Cela montre à quel point l'environnement, la pédagogie et les hiérarchies judiciaires n'ont pas eu le talent ni l'intelligence de tirer profit, pour ce service public fondamental, de ce quinquennat où la magistrature au fil des jours n'aurait eu qu'à répliquer à ce Pouvoir que les "petits pois" et elle faisaient deux.

Comme la directrice de la deuxième prépa de France à l'ENM, je pense que la motivation des étudiants pour l'ENM n'est pas liée aux rémunérations. Heureusement d'ailleurs ! Mais elle est nourrie par l'opportunité d'une mobilité fonctionnelle, la grandeur de leur rôle au sein de l'Etat et le sens du service public de la justice.

Cette hiérarchie des valeurs et des préoccupations est rassurante car en dépit d'un syndicalisme qui n'a eu que trop tendance à insister sur ce qui faisait défaut plus que sur ce que nous aurions dû donner, plus sur nous-mêmes que sur le citoyen, plus sur notre petitesse matérielle que sur notre noblesse démocratique et notre obligation de résistance à tout ce qui prétendait nous réduire, nous dégrader, l'esprit collectif de ces candidats à l'ENM voit juste et place la République au-dessus de tout.

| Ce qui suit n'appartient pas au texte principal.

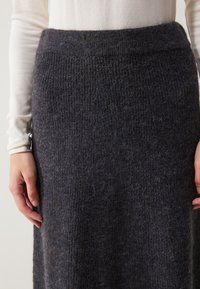 Falda de punto gris oscuro con una textura acanalada y una cinturilla ancha. La tela parece suave y cálida, adecuada para el clima más fresco.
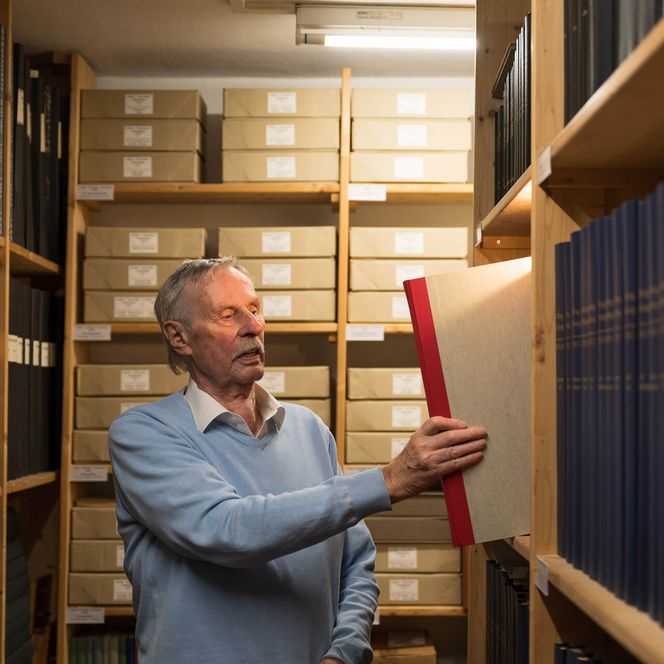 Manfred Schaulies holt Buch aus Regal im Archiv Heimatmuseum Bad Aibling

Et donc sublime ainsi leur avenir. Il y a eu toujours quelque chose de destructeur dans ce hiatus entre le respect qui était attendu de l'Etat et un comportement souvent étriqué, corporatiste, qui tranchait avec l'honneur qu'on réclamait.

Au-delà de ces considérations, et malgré ceux qui s'imaginent que les passions, les enthousiasmes naissent du droit, des théories et de la froide objectivité d'esprits guère mobilisateurs, comme le barreau sait s'irriguer avec de grands exemples et continue à cultiver ses gloires et ses talents d'aujourd'hui - Henri Leclerc, Jean-Louis Pelletier, Eric Dupond-Moretti, Hervé Temime, Jean-Pierre Mignard, Georges Kiejman, etc. -, la magistrature devrait s'inspirer de cette personnalisation. Je crains que ce voeu demeure pieux. Rien n'est plus affligeant pour la hiérarchie et l'évaluation judiciaires que de devoir sortir d'une grisaille homogène et admettre donc que, dans la masse de ce corps, tout le monde ne se vaut pas et que penser en rasant les murs n'est pas de meilleur aloi que de le tenter en pleine lumière avec le recours à la parole.

Pour que l'ENM ne soit plus à la peine mais un lieu magique pour la culture générale, le pouvoir maîtrisé, l'urbanité, le langage et, en général, l'allure qui fera que le futur magistrat se respectera, respectera et donc se fera respecter, la première des solutions est de la vivifier par le recours à des personnalités qui, de l'avis de tous ceux qui ne se laissent pas prendre aux apparences médiatiques, seront les mieux fondées à enseigner cette règle aux auditeurs de justice.

Il n'y a pas de grand magistrat, de grand avocat par décret. C'est une invention, chaque jour, par la pratique, technique, éthique et talent mêlés.

Alors, au moins l'ENM sera à l'honneur.